INSTRUCTIONS TO FOLLOW> Every line of the listing that holds the word "Silver" should be returned.
▬▬▬▬▬▬▬▬▬▬
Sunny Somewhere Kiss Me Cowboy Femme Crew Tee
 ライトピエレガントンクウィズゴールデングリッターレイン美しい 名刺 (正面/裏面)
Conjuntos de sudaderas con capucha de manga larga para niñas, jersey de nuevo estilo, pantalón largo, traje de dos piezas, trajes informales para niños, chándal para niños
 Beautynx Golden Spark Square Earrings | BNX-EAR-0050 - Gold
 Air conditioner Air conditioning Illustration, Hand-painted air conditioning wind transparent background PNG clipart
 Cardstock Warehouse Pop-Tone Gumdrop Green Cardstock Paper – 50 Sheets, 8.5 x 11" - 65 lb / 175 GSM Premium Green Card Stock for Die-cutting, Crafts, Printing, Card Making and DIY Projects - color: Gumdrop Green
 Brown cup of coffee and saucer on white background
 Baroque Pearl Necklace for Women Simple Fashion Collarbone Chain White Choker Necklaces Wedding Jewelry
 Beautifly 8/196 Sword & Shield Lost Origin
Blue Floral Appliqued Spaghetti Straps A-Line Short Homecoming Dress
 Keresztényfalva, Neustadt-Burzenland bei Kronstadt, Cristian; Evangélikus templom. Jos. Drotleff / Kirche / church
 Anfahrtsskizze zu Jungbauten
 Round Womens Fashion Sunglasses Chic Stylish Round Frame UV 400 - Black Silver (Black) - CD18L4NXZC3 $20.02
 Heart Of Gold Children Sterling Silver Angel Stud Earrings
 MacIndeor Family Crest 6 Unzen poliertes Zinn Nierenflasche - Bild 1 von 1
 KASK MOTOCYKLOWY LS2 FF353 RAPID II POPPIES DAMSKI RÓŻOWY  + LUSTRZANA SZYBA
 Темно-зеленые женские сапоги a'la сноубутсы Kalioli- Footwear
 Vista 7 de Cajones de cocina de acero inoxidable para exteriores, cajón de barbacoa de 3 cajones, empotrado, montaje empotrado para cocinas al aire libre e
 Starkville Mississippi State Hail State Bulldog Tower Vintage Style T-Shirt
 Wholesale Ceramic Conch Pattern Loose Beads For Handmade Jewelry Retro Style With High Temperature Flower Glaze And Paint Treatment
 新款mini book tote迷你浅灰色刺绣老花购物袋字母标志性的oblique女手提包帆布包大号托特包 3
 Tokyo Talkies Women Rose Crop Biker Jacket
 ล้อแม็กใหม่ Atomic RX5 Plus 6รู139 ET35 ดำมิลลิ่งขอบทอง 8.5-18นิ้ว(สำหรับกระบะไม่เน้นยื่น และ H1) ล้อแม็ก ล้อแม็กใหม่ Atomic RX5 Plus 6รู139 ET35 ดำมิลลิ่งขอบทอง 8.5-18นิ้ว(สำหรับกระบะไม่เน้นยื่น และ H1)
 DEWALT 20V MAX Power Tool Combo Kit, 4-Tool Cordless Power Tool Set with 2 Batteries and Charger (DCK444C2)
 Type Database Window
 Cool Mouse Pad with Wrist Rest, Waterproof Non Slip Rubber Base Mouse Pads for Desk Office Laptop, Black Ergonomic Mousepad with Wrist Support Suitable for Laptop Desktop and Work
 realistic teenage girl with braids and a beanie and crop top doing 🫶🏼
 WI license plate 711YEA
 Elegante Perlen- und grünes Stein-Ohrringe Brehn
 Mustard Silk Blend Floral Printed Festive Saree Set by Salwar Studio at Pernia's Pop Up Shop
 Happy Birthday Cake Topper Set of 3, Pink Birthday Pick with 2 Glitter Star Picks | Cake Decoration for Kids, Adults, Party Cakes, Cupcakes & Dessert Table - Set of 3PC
▬▬▬▬▬▬▬▬▬▬
RESPONSE AREA>
 Round Womens Fashion Sunglasses Chic Stylish Round Frame UV 400 - Black Silver (Black) - CD18L4NXZC3 $20.02
 Heart Of Gold Children Sterling Silver Angel Stud Earrings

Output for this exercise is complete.